Corrupted data in first output step in some cases of multi-block writing
Created by: pnorbert
The standalone test program PerfManyVars exhibits this problem as well as its test counterpart TestManyVars (if those parameters are uncommented in the source that causes this problem).
The test writes multiple variables multiple blocks per process and multiple timesteps, the it reads them back and check the data value by value. At some limit of variables x blocks, there will be corrupted blocks in the output (a write problem).

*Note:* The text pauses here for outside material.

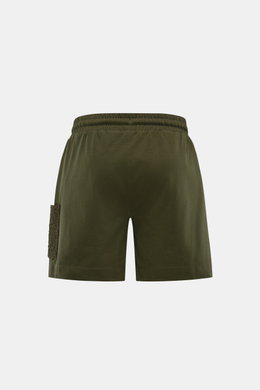 Ché Sweat-Shorts 'Inigo' dark olive, Rückansicht, reine Baumwolle, weicher Griff, Regular Fit, regulierbarer Bund, Taschen seitlich, Häkel-Tasche als Blickfang.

This only happens for the first output step; the test is always good for any other steps with any combo. Known examples that exhibit the problem: 8 x 9, and 5 x 15. Note that 8x8 works and none of 8xN, N>=9 works.
$ ./bin/PerfManyVars 8 9 2
fmt=[v%1.1d]
varname[0]=v0
varname[7]=v7
-- Define variables.
[rank=000, line 273]: Write step 0 to many_vars.bp
[rank=000, line 280]: Write block 0, value 0 to many_vars.bp
[rank=000, line 280]: Write block 1, value 1 to many_vars.bp
[rank=000, line 280]: Write block 2, value 2 to many_vars.bp
[rank=000, line 280]: Write block 3, value 3 to many_vars.bp
[rank=000, line 280]: Write block 4, value 4 to many_vars.bp
[rank=000, line 280]: Write block 5, value 5 to many_vars.bp
[rank=000, line 280]: Write block 6, value 6 to many_vars.bp
[rank=000, line 280]: Write block 7, value 7 to many_vars.bp
[rank=000, line 280]: Write block 8, value 8 to many_vars.bp
[rank=000, line 295]: Write time for step 0 was 0.004 seconds
[rank=000, line 273]: Write step 1 to many_vars.bp
[rank=000, line 280]: Write block 0, value 10000 to many_vars.bp
[rank=000, line 280]: Write block 1, value 10001 to many_vars.bp
[rank=000, line 280]: Write block 2, value 10002 to many_vars.bp
[rank=000, line 280]: Write block 3, value 10003 to many_vars.bp
[rank=000, line 280]: Write block 4, value 10004 to many_vars.bp
[rank=000, line 280]: Write block 5, value 10005 to many_vars.bp
[rank=000, line 280]: Write block 6, value 10006 to many_vars.bp
[rank=000, line 280]: Write block 7, value 10007 to many_vars.bp
[rank=000, line 280]: Write block 8, value 10008 to many_vars.bp
[rank=000, line 295]: Write time for step 1 was 0.002 seconds
[rank=000, line 366]: Read and check data in many_vars.bp
[rank=000, line 377]: Check variable definitions... many_vars.bp
[rank=000, line 387]: Time to check all vars' info: 0.000 seconds
[rank=000, line 390]: Check variable content...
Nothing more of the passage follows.